Is the word "majorly" now a valid descriptive word for everyday conversation?

As in “majorly upset” etc. as a substitute for “quite” or “very”? Is this now an grammatically acceptable phrase in everyday conversation and written communication?

Define “now.” According to the OED, it’s been used that way since at least 1983, and the word “majorly” dates from 1955.

And certainly it’s grammatically acceptable. What rule of grammar does it break?

The Strunk & White grammarian rule of annoying the hell out of older ears.

Word

I’ll put my curmudgeon credentials up against anyone’s, and it doesn’t bother me – I’ll use it myself in conversation, though I certainly wouldn’t in any but the most casual writing.

Admittedly, it is what S&W would certainly call an awkward adverb. But they merely say you should avoid constructing it, not that constructing it is wrong. And remember, the book is “The Elements of Style,” not “The Elements of Grammar.”

Further, “annoying the hell out of older ears” is hardly a fault, since, if followed, it would have stopped words like “bus” or “mob.”

I fear that I might be hijacking this thread, but I’d like to know if this could be considered a grammar mistake. Essentially, people who use “majorly” are adding “ly” to an adjective to make an adverb in a novel way.

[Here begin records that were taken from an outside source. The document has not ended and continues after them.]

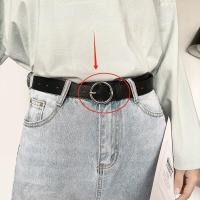 ราคา กางเกงยีนส์ขากว้างสีขาว ทรงหลวม ทรงตรง ทรงยาวถึงพื้น ทรงหลวม กางเกงยีนส์ผู้หญิง ฤดูใบไม้ผลิ 2025 กางเกงยีนส์ทรงหลวม (24382431181)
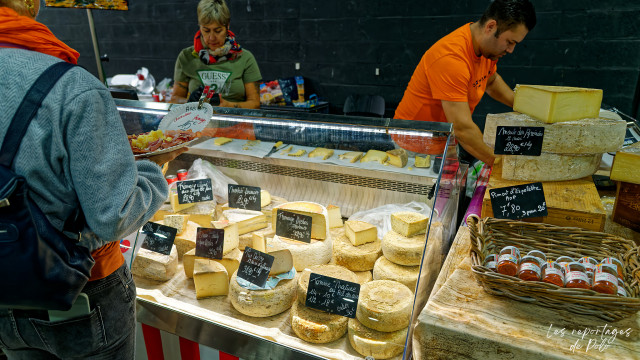 Salon 2026 - Salon du vin de Malmedy - photo 123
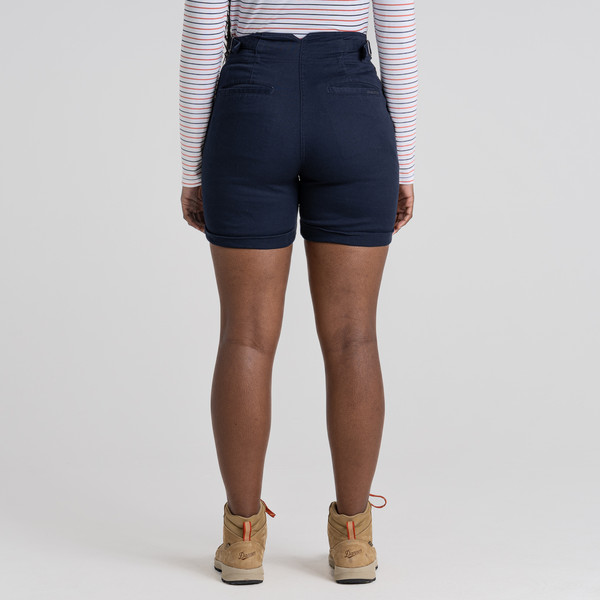 ARABY SHORT Damen - Shorts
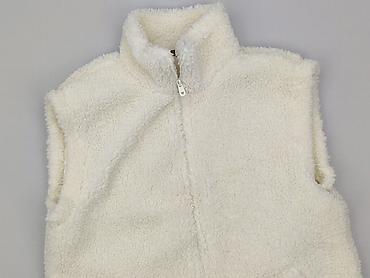 sweter tommy: Kamizelka, Destination, 14 lat, 158-164 cm, stan - Bardzo dobry — 1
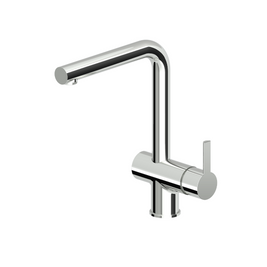 GILL KITCHEN MIXER
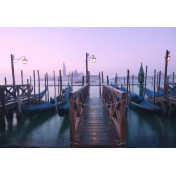 Панно Affresco, коллекция Фрески и фотообои, артикул ID10366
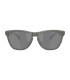 OAKLEY FROGSKINS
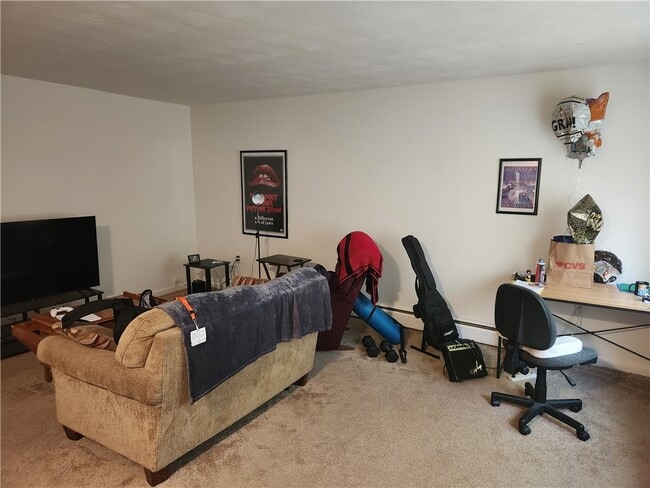 Photo - 18 Langslow St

I wonder if that could be considered a grammar mistake, if you believe in prescriptive grammar. If I coined a new word, “fastly”, to be to adverbial form of “fast” (instead of quickly), would I be grammatically incorrect if I said, “I went to the store fastly”?
Furthermore, what if they had declined to add the “ly” suffix, and just used “major” as an adverb? “It was a major dumb thing to do.” If that’s grammatically incorrect, then why would simply adding an “ly” make it grammatically correct? And if “major dumb” is grammatically correct, wouldn’t any sentence be grammatically correct, if the speaker/writer could just argue that they were using the words in correct grammatical constructions, just not in ways that people had heard before? Couldn’t I say, “The dog mailman bit” and argue that it was grammatically correct, just that “mailman” was a new verb I had coined, and “bit” was some kind of noun? I know this is all pretty farfetched, but I would like to know, essentially, what defines “grammatically correct.”